Monday, March 12, 2012

HELP! full text catalogs disapearing!

I have one publisher that pushes out a database to two subscribers, each with
Win 2003 server and SQL 2000 sp3. This Db has two tables who each have one
column full text indexed. The publisher is full text indexed so that QA can
test the data before replication happens.
my problem is that after the replication finishes sync'ing up the
subscribers, My tables are no longer full text enabled and my catalogue
disappears.
Can someone tell me how to avoid this? It takes about 5 ours to drop and
rebuild the catalog.
Thank you in advance!
Carl,
Unfortunately SQL Server 2000 FT Catalogs are not directly supported with
Replication.
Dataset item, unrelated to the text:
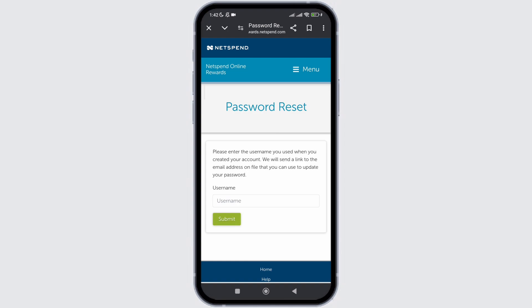So that's it. That is how easily you can reset your password in your NetSpend account.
The one-time snapshot of your table does not re-create the FT
Catalog parameter for the FT-enable table and once the table is created on
your subscriber, you will need to manually re-create the FT Catalog and set
Change Tracking with Update Index in Background and this will run a Full
Population (if the FT Catalog is un-populated).
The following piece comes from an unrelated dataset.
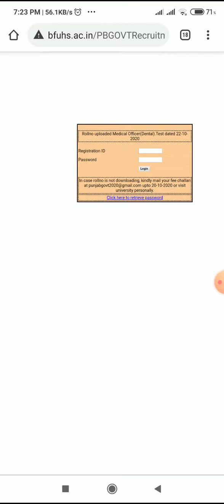Those who are supposed to appear for the Medical Officer Dental recruitment exam on 22nd October may download their respective roll numbers or admit cards. If you like this video, please hit the like button.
Could you provide more details on how your subscribers tables are setup?
Thanks,
John
"Carl Henthorn" <CarlHenthorn@.discussions.microsoft.com> wrote in message
news:B94E5A44-0594-4378-A272-0E8280935B3F@.microsoft.com...
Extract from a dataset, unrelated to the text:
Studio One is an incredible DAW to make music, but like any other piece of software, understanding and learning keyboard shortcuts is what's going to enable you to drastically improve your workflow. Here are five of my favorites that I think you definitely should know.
> I have one publisher that pushes out a database to two subscribers, each
with
> Win 2003 server and SQL 2000 sp3. This Db has two tables who each have one
> column full text indexed. The publisher is full text indexed so that QA
can
> test the data before replication happens.
> my problem is that after the replication finishes sync'ing up the
> subscribers, My tables are no longer full text enabled and my catalogue
> disappears.
> Can someone tell me how to avoid this? It takes about 5 ours to drop and
> rebuild the catalog.
> Thank you in advance!
|||I am using transactional replication to push the changes from my publisher to
the subscribers. Here is the schema for one subscriber/publisher table:
CREATE TABLE defdba (
UID bigint NOT NULL CONSTRAINT MSrepl_synctran_identity_default_1525580473
DEFAULT (0),
NAME varchar(256) NULL ,
DBAID int NULL ,
JUDGEMENTID int NULL ,
MERLINNAME varchar(300) NULL ,
ADDDATE varchar(8) NOT NULL ,
msrepl_tran_version uniqueidentifier NOT NULL CONSTRAINT
DF__defdba__msrepl_t__5C37ACAD DEFAULT (newid()),
CONSTRAINT PK_defdba PRIMARY KEY CLUSTERED
(
UID
) ON PRIMARY
)
I had set up the FTI to check for changes in the background, and then update
itself when replication push the data changes accross to the subscriber. From
what I am hearing you say, after I replicate the changes over, I must rebuild
the catalog from scratch each time. Is that correct?
"John Kane" wrote:

> Carl,
> Unfortunately SQL Server 2000 FT Catalogs are not directly supported with
> Replication. The one-time snapshot of your table does not re-create the FT
> Catalog parameter for the FT-enable table and once the table is created on
> your subscriber, you will need to manually re-create the FT Catalog and set
> Change Tracking with Update Index in Background and this will run a Full
> Population (if the FT Catalog is un-populated).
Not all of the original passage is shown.